Les systèmes de géolocalisation des véhicules mis à la disposition des salariés, qui se développent beaucoup, doivent être déclaré à la CNIL.

La CNIL vient de modifier la norme applicable à la géolocalisation afin d’assurer la préservation de la vie privée des salariés :

LES BUTS DE LA GEOLOCALISATION :

Ses finalités doivent être déterminées, explicites et légitimes :
  • Suivi et facturation d’une prestation de transport ou de service (ex. facturation d’ambulances, de prestations de dépannage) ;
  • Sûreté ou sécurité de l’employé ou des marchandises (ex. transport d’échantillon de grande valeur) ;
  • Optimisation des moyens notamment pour les interventions d’urgence (dépannages…) ;
  • Contrôle du respect des règles d’utilisation du véhicule ou suivi du temps de travail ; Mais le suivi du temps de travail grâce à la géolocalisation ne peut être utilisée que s’il n’est pas possible d’avoir recours à un autre moyen de suivi ;
  • Certains cas dans lesquels la géolocalisation est obligatoire en raison du type de transport ou de la nature des biens transportés.

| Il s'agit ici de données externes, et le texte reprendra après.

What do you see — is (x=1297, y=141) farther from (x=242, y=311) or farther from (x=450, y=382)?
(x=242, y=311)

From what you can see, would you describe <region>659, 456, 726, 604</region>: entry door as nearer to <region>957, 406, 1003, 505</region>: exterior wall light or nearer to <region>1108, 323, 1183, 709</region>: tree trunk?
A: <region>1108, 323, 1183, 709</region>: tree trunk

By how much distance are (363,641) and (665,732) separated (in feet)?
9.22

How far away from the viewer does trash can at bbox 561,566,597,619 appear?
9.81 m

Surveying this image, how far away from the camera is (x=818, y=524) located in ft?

Mais il est interdit de contrôler les excès de vitesse, de contrôler un salarié en permanence, de le contrôler en dehors du temps de travail ou pendant le temps de trajet domicile-travail, de contrôler les salariés libres de l’organisation de leur temps de travail (VRP), et de suivre les déplacements des représentants du personnel dans le cadre de l’exercice de leur mandat.

LES DONNEES POUVANT ETRE COLLECTEES :
  • L’identification de l’employé ;
  • Le déplacement (localisation, historique) ;
  • La vitesse moyenne, nombre de km, durée d’utilisation, temps de conduire, nombre d’arrêts ;
  • La date et l’heure de l’activation-désactivation du système de géolocalisation (pendant le temps de travail).

La sécurité des données doit être assurée (accès limité, cryptage, anonymisation et tri lors des transferts à des tiers).

La durée de conservation est limitée à 2 mois, sauf exception (ex. 5 ans pour le suivi du temps de travail ; 1 an si l’historique peut être utile pour l’optimisation des tournées).

Les salariés doivent être informés de l’installation du système de géolocalisation et ont accès aux données les concernant.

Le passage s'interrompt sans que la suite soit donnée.